Records shown Block Start
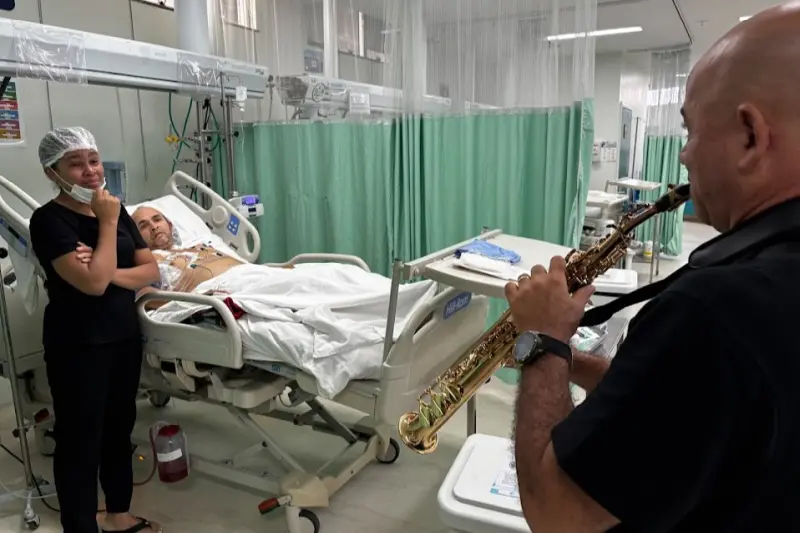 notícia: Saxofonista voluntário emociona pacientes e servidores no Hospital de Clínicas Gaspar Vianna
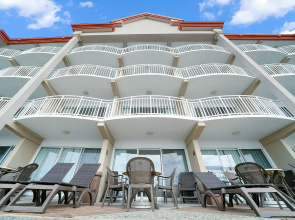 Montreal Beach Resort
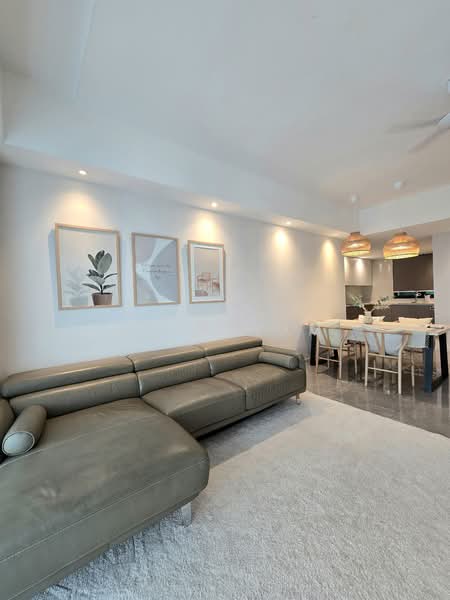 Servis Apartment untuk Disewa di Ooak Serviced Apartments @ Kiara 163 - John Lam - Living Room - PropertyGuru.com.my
Records shown Block End
Records shown Block Start
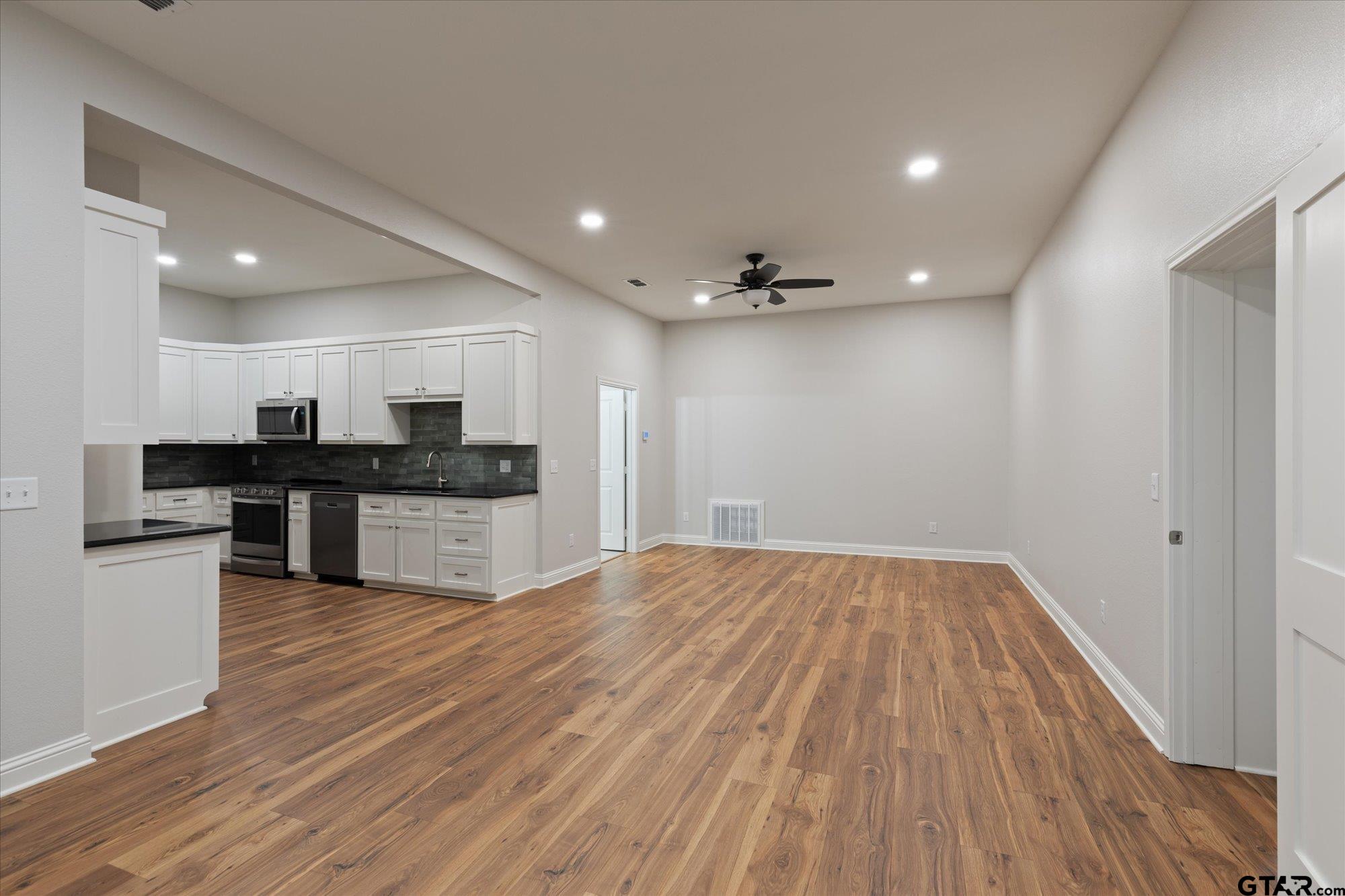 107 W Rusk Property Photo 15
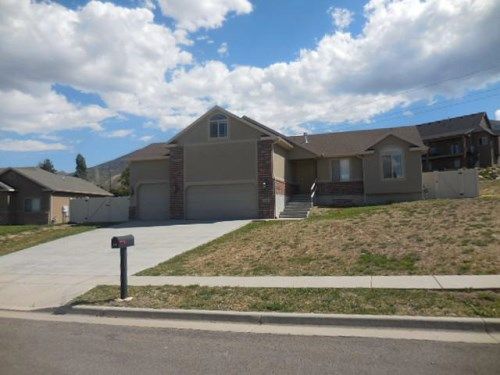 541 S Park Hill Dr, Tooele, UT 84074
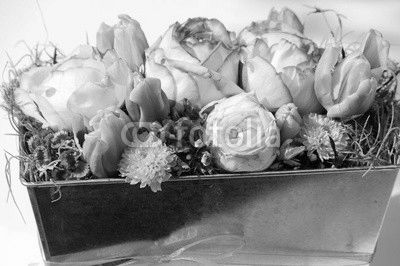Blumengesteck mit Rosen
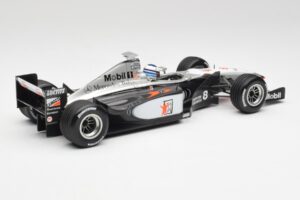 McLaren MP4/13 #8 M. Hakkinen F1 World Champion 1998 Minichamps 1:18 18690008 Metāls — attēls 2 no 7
Records shown Block End
Records shown Block Start
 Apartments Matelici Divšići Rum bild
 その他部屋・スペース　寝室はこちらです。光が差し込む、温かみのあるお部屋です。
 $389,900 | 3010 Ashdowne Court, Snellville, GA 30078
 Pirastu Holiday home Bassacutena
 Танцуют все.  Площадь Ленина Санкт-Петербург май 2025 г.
Records shown Block End
- About this exercise -
Starting with the line that has "107 W Rusk Property Photo 15" and going on through the line that has "McLaren MP4/13 #8", transcribe the records above exactly, but skip the pictures.

- Final answer -
 107 W Rusk Property Photo 15
 541 S Park Hill Dr, Tooele, UT 84074
Blumengesteck mit Rosen
 McLaren MP4/13 #8 M. Hakkinen F1 World Champion 1998 Minichamps 1:18 18690008 Metāls — attēls 2 no 7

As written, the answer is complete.